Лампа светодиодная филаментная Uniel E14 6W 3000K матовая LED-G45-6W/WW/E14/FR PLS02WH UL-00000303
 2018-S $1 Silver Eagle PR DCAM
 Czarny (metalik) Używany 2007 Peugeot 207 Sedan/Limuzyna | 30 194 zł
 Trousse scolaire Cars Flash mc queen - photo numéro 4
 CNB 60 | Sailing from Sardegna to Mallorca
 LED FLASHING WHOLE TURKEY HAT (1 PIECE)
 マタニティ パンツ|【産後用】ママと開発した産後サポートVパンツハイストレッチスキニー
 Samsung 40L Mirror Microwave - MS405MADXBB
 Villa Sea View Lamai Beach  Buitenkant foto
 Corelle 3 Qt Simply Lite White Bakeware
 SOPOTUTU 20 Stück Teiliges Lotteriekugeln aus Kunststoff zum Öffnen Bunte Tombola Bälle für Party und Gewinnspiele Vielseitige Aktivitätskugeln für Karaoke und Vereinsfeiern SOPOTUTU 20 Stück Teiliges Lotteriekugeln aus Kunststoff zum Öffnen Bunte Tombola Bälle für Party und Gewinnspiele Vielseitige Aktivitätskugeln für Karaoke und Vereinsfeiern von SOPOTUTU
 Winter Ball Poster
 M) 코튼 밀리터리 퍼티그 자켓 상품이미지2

PROBLEM TO SOLVE
Repeat the lines from the one containing "Corelle 3 Qt Simply Lite White Bakeware" through the end of the listing, exactly and without any other lines; both ends are included.

TASK SOLUTION
 Corelle 3 Qt Simply Lite White Bakeware
 SOPOTUTU 20 Stück Teiliges Lotteriekugeln aus Kunststoff zum Öffnen Bunte Tombola Bälle für Party und Gewinnspiele Vielseitige Aktivitätskugeln für Karaoke und Vereinsfeiern SOPOTUTU 20 Stück Teiliges Lotteriekugeln aus Kunststoff zum Öffnen Bunte Tombola Bälle für Party und Gewinnspiele Vielseitige Aktivitätskugeln für Karaoke und Vereinsfeiern von SOPOTUTU
 Winter Ball Poster
 M) 코튼 밀리터리 퍼티그 자켓 상품이미지2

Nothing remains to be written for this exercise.